PETALING JAYA: Muhammad Nor Deraman was among the eatery owners who took part in the Menu Rahmah initiative, offering RM5 set meals to help reduce the cost of living for the public.
However, since the start of this month, his eatery no longer offers the cheap set meals as the shortage of local white rice has forced him to resort to purchasing imported white rice.
“Now I cannot offer Menu Rahmah anymore,” Muhammad, 63, told FMT, referring to the initiative launched earlier this year.
“The price of (imported white rice) has surged from RM20 for a 10kg bag to up to RM40. So, how can we sell food for cheap?
“I have gone to many supermarkets, but I don’t see local white rice.
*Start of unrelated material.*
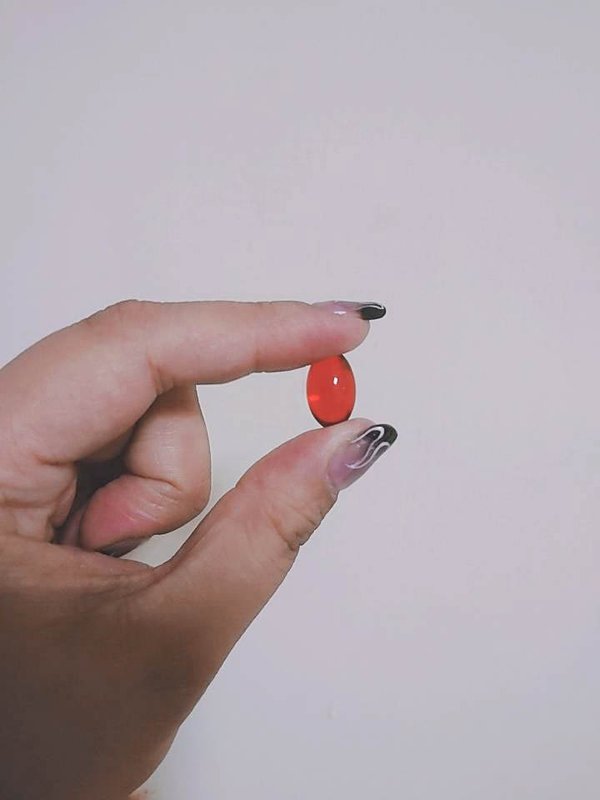 【開箱分享】日喬恩｜法國魚鱗膠原蛋白 ♡ 魚鯊烯魚油 ♡ 吃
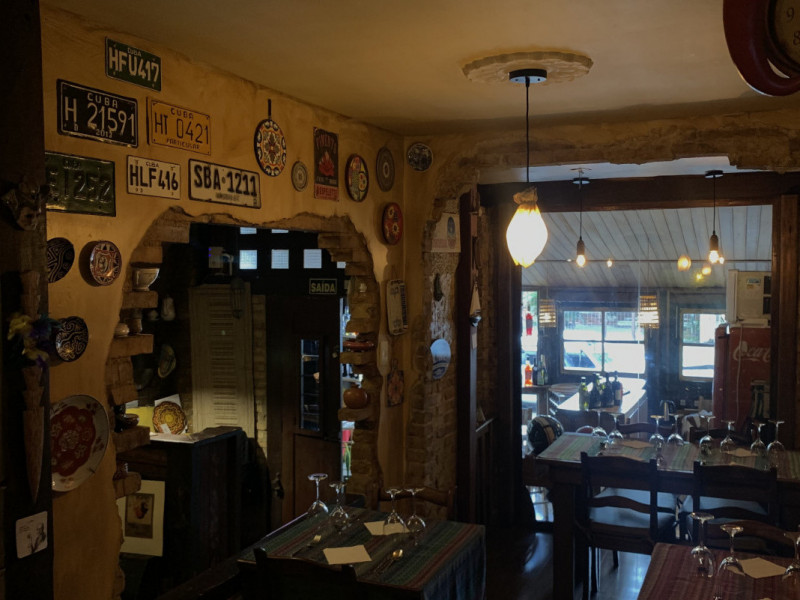 A decoração do Giuseppe Ristorante conta com diversas referências às viagens feitas pelo chef Pepe Laytano Foto: DENER PEDRO/ESPECIAL/JC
Where else can I go to look for it?”
On Sept 1, Padiberas Nasional Bhd (Bernas) announced a price hike for imported white rice from RM2,350 per metric tonne to RM3,200.
It said factors like climate change, the weakening foreign exchange rates, and regional conflicts were to blame, compounded by India’s ban on exporting white rice.
In a bid to counter this, agriculture and food security minister Mohamad Sabu said local white rice production will increase by 20% within a month to ensure sufficient supply in the market.
Putrajaya will also sell 5kg of imported rice at RM14 to low-income households under another Rahmah initiative, while giving discounts to traders who import white rice to help consumers deal with rising prices.
Meanwhile, two consumers claimed that it has been difficult for them to find local white rice in the market, questioning if other factors are at play behind the shortage.
A housewife, who wanted to only be known as Suhaila, called on the authorities to monitor supermarkets and rice traders to determine the cause of the lack of local white rice.
“We fear that some are hoarding (it) because it’s been really hard to find local rice (in the market), but all the expensive (imported white) rice is available,” said the 47-year-old.
Factory worker Shahrin Bahrin said the government must tackle the issue quickly to ensure no one is taking advantage of the demand for local white rice.
The 51-year-old said the lack of supply is “really” bad, though inflation is not the issue, with local white rice still affordable.